Downtown Birmingham (Photo credit: Gerry Daniel)
Downtown Birmingham (Photo credit: Gerry Daniel)

By Move I-20/59 coalition leaders Gail Andrews; Dell & Dixon Brooke, Jr.; Will Brooke; Ralph Cook; George French; Kathryn & Raymond Harbert; Kate Nielsen; Ruffner Page; & Lucy & Temple Tutwiler, III

John Cooper’s recent editorial, “Here’s why we must improve and replace Birmingham’s downtown bridges,” is more of the same “we know best” rhetoric that serves as ALDOT’s rationale for fast tracking misguided projects. While the people who live and work in Birmingham have largely been ignored during the planning process, ALDOT bulldozes forward.

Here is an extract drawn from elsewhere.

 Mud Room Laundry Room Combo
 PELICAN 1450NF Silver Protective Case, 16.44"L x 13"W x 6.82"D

Birmingham is currently riding a wave of economic growth and revitalization of its urban core. Improvements to our highway system have the capacity to complement and augment this growth. And right now we are at a pivotal decision point with one the most critical infrastructure projects in city and state history. Replicating I-20/59’s route through the city center will affect Birmingham’s growth for the better part of a century. Given the potentially significant implications, one must ask:

What are the opportunity costs of enlarging a highway that has been a degrading barrier through our city?

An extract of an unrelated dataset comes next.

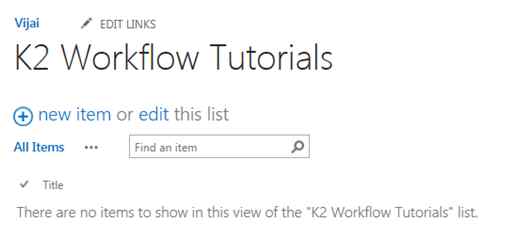 K2 Workflow Tutorials list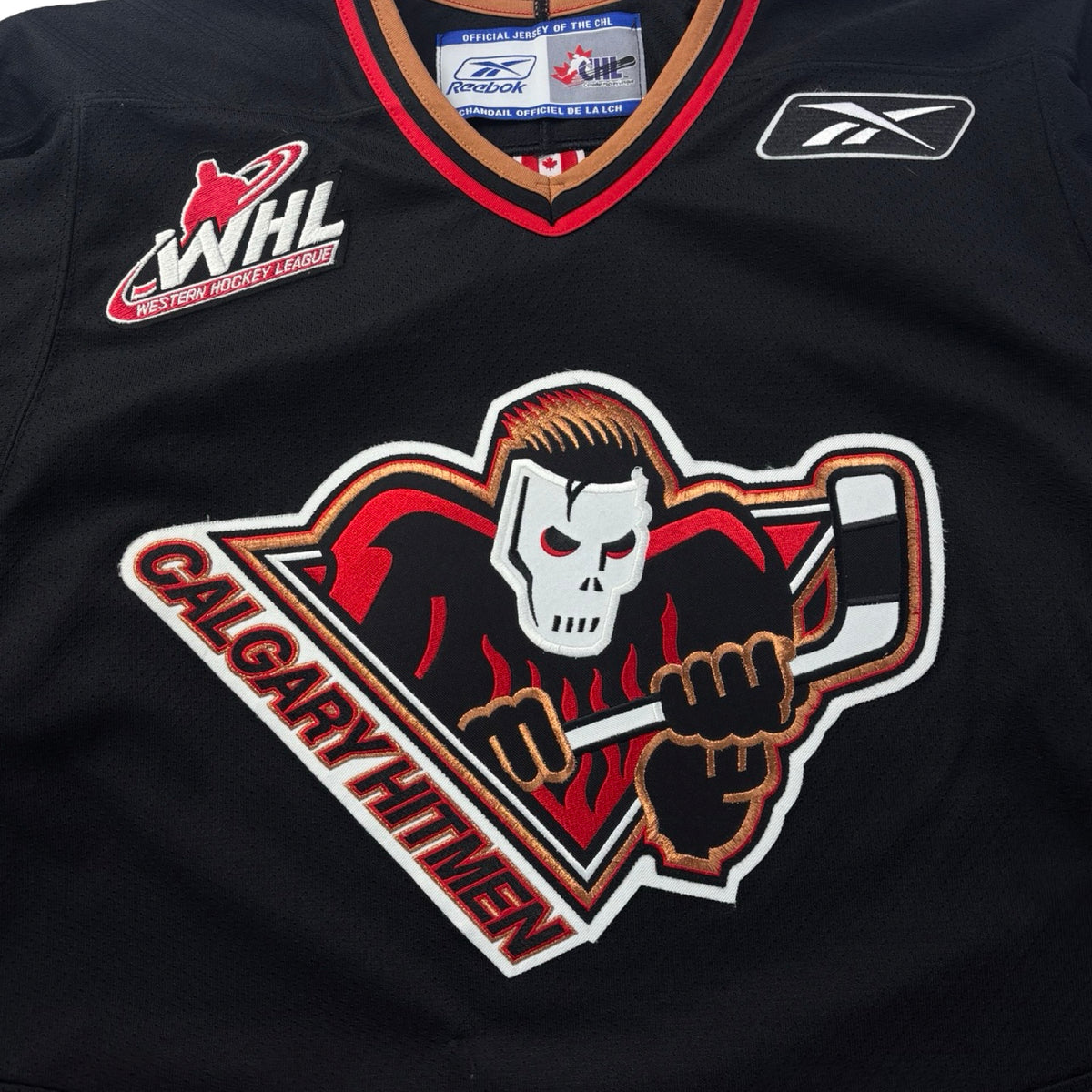 Vintagw CCM Calgary Hitmen WHL Home Jersey Black/Gold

How does widening this highway and reducing access to downtown enhance economic development?

ALDOT cannot answer these questions, nor does the agency seem to want input from Birmingham. It failed to officially include the City of Birmingham as a collaborating agency. City officials have been engaged in discussion around plans for a park slated to go under the highway–an attempt to mitigate its detrimental impacts–but were never included in the decision making process regarding the highway itself. Moreover, their involvement has been tempered by ALDOT’s habit of using other road projects as leverage to gain cooperation. The project has morphed into a much larger and much more invasive project that scarcely resembles their original plan.

Things have significantly changed since ALDOT embarked on its planning process 4 years ago including Region’s Park, RR Park (along with the current flurry of economic development these projects have spurred), Uptown and the soon to be finalized BJCC open air stadium that will be the new home for UAB football. All of these are contributing to the revitalization of Birmingham and are evidence enough that we need to pause with ALDOT’s plan and work in a collaborative effort to define the best way forward for the future of our City.

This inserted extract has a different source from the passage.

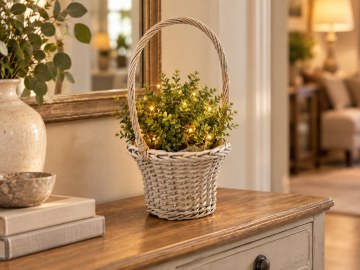 Chomik Плетений кошик 24 × 16 × 44 см, SIL9285 - Home Club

ALDOT’s proposed plan is also in direct conflict with recent comments by U.S. Department of Transportation Secretary Anthony Foxx to the Transportation Research Board, stating that engineers and planners should adopt “inclusive design” strategies that break down barriers between neighborhoods and help connect communities more effectively. The Birmingham community has made it abundantly clear that what we have now is the worst of all options and ALDOT’s plan is to build a bigger version of the same thing. Other alternatives should be thoroughly considered with the city’s best interest in mind, which ALDOT clearly failed to do. The public information meetings that ALDOT held were largely attended by residents who object to the proposal, evident by ALDOT’s own attendance sheets and transcripts of the meetings. In the Birmingham Business Journal’s recent polls, 80% of respondents said that the bridges hurt development prospects downtown. Yet ALDOT marches forward with intentions to re-build the bridges that will continue to divide the heart of downtown Birmingham for at least another 50 years. If this plan proceeds we will be missing a HUGE opportunity to fix a 40 year old problem and passing it on to our children and grandchildren.

The consideration of alternatives that Mr. Cooper dismissed in his editorial fails to weigh the potential economic benefits of those options. Moreover, other means of public financing of an alternative have not been considered. Direct cost and difficulty should not be the only factors that govern decisions of this magnitude.

While ALDOT’s choice may appear to be the easiest and cheapest option for them, the expense to Birmingham in direct damage and lost opportunity will be astronomical.

We cannot afford to not get this right.